Earlier in the novel, Quarrel introduces Bond to a friend of his who once had a tussle with a giant squid and, in maybe the finest display of Chekhov’s squid, that cephalopod returns to attempt to kill Bond. I do love a giant squid. I remember reading through the Harry Potter series as a child and thinking the wizards and everything were fine but when were we going to find out more about the giant squid in the lake? It’s as close to an alien as you can get in a Bond story and Fleming, with a bucketload of fifties ignorance, paints the animal as a fantastical, evil beast similar to a Kraken, actively attempting to kill Bond. It’s the most ludicrous and pulpy sequence of the novels so far but, undoubtably, a fun one. “God, what a thing to have dreamed up!”, Bond exclaims, seemingly cursing Fleming. And, as with every giant monster in a book, TV show, or film, Bond kills the beast by stabbing it in the eye.

Dr No’s death is shit. I mean, literally, it’s shit. After escaping, Bond happens upon No at the island’s dock and promptly redirects a conveyor belt to deliver its payload down the evil doctor’s throat and buries him, suffocating him to death. The material in question is guano: bird shit. There’s not even a final conversation or confrontation as Bond quickly buries No and runs off, shouting “Now you take it Doctor No!” It’s so lame and disappointing and something the film definitely improved upon. Before leaving the island, Bond finds Honey who has also escaped because it turns out No’s plan of feeding her to crabs was nonsense. She even laughs about it. Crabs don’t kill people! The end of Dr No feels very much like Fleming pointing out the stupidity and ridiculousness of the novel. Even he can’t keep a straight face at this point.

In the final chapter, Bond reflects on his adventure. No will go to Hell, Quarrel to Heaven. A place of warmth and a place of cold, like Jamaica and London. Where will Bond go when he dies? He’s proved himself on this mission but who as? There’re teases of Fleming trying to say something but he pulls back. There are plenty of opportunities to tie up thematic threads but the ending refuses, maybe because Bond refuses. Yet it feels cheap. The novel concludes with little comment on anything. Just sex; Bond and Honey finally hook up. The themes and ideas of Bond not having what it takes, having his abilities questioned, that are so prominent at the beginning totally fade away and his success is supposed to speak for itself when I would have preferred some comment on the subject.

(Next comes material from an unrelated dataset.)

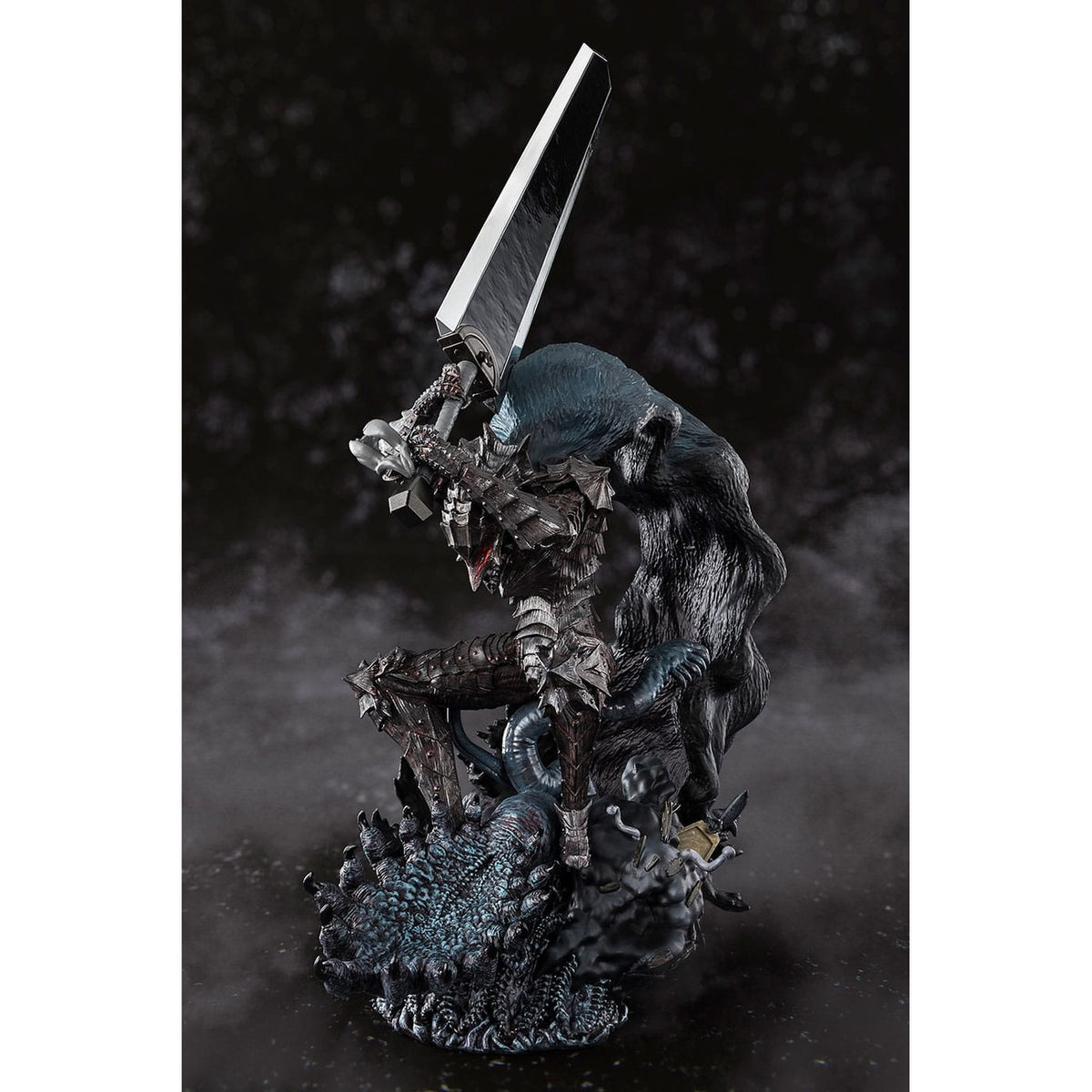 Produktbild Berserk - Guts Berserker Armor Figuarts ZERO Metallic Touch Statue
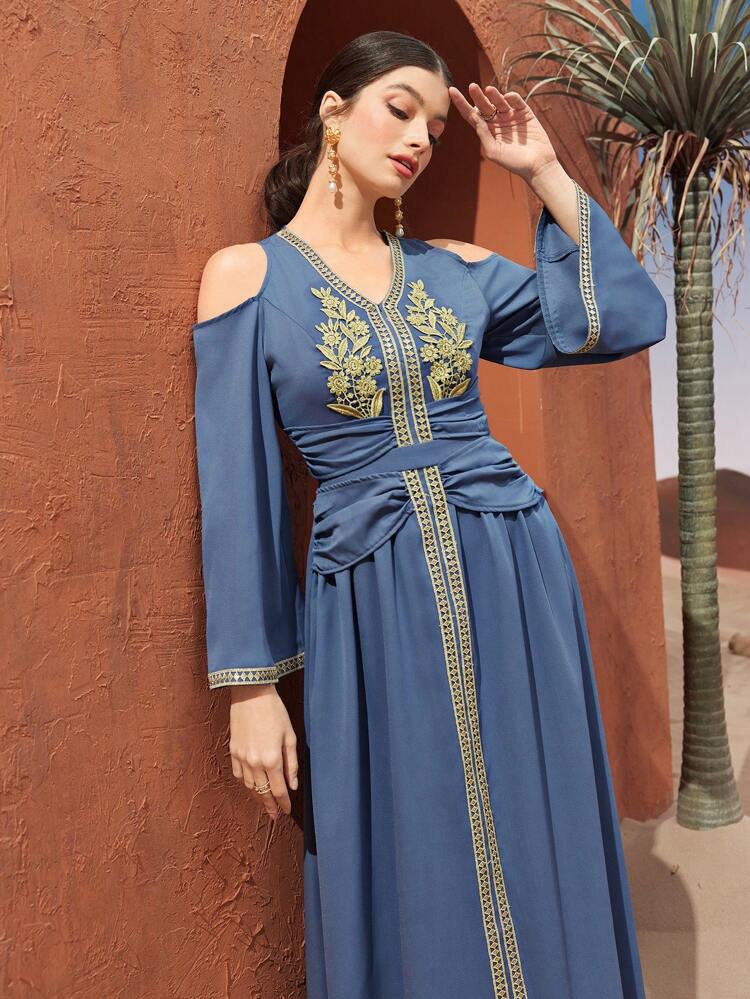 Women's Cold-Shoulder Arabic Traditional Long Dress With Tape Detailing, Elegant Maxi Jalabiya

Dr No is a simple, formulaic story that plays out in an incredibly straightforward, linear way. It’s far less interesting and thoughtful than its predecessor, From Russia with Love, but I can see why it was chosen to be adapted into the first film. It’s much more contained than the sprawling adventures of the last few novels. Even Bond himself comments on the clear formula of his assignments at this stage, and Fleming has embraced it: “It had the right ingredients – physical exertion, mystery, and a ruthless enemy. He had a good companion. His cause was just.” But while Dr No may condense everything and put all the elements into a single package, it isn’t the best example of any of them, other than maybe the villain. It’s a fun read but one of the more disposable James Bond novels.